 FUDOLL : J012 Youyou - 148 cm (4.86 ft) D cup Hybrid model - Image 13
======
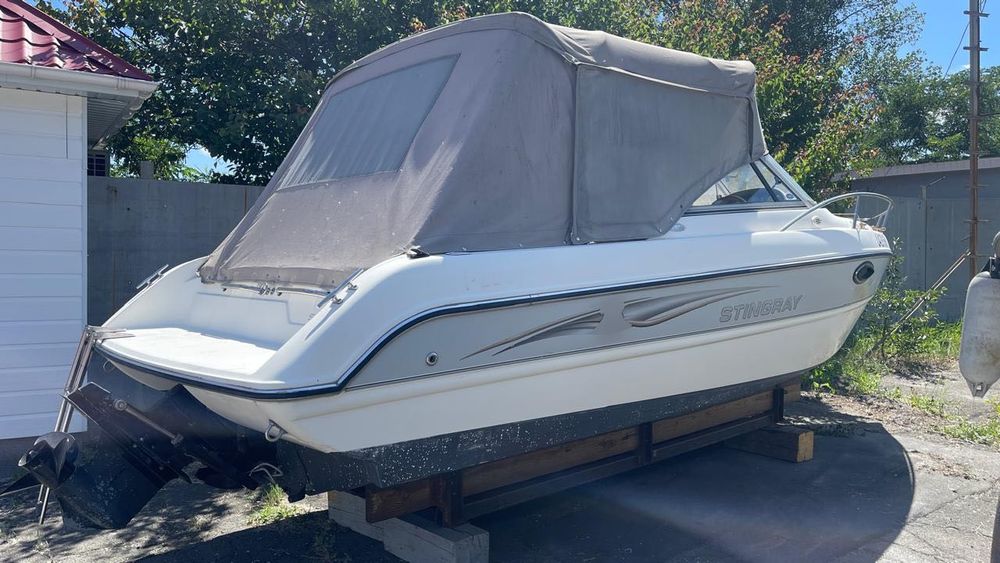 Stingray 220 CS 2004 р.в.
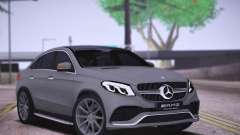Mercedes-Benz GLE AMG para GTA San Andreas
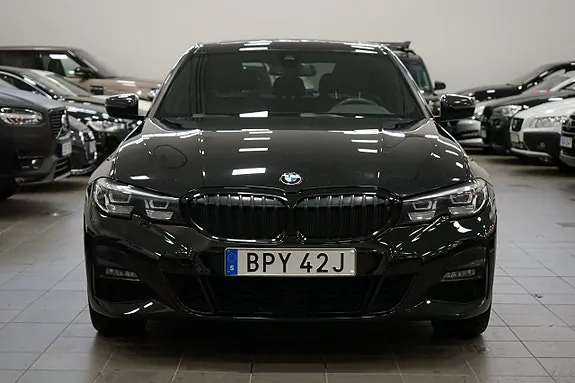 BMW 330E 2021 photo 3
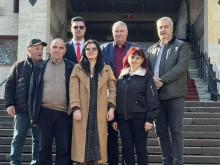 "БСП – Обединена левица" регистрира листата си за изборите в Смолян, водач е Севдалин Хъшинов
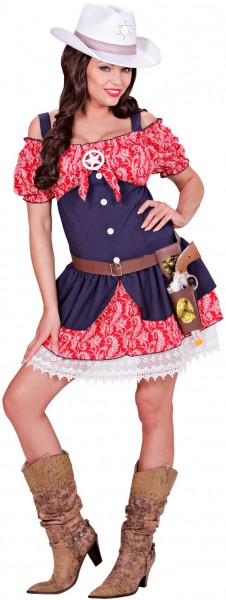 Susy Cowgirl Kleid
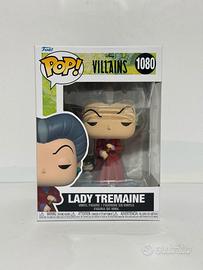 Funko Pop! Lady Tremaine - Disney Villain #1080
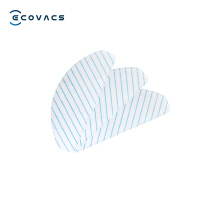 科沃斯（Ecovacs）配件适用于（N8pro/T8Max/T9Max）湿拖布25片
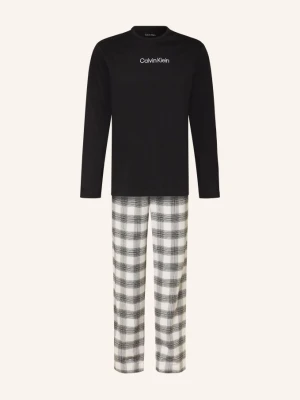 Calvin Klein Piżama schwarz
======
● **What the exercise asks**: Although the records hold pictures, the copy must not; give again exactly the lines from the one with "Mercedes-Benz GLE AMG para GTA San Andreas" through the one with "Calvin Klein Piżama schwarz".

● **Task output**:
Mercedes-Benz GLE AMG para GTA San Andreas
 BMW 330E 2021 photo 3
 "БСП – Обединена левица" регистрира листата си за изборите в Смолян, водач е Севдалин Хъшинов
 Susy Cowgirl Kleid
 Funko Pop! Lady Tremaine - Disney Villain #1080
 科沃斯（Ecovacs）配件适用于（N8pro/T8Max/T9Max）湿拖布25片
 Calvin Klein Piżama schwarz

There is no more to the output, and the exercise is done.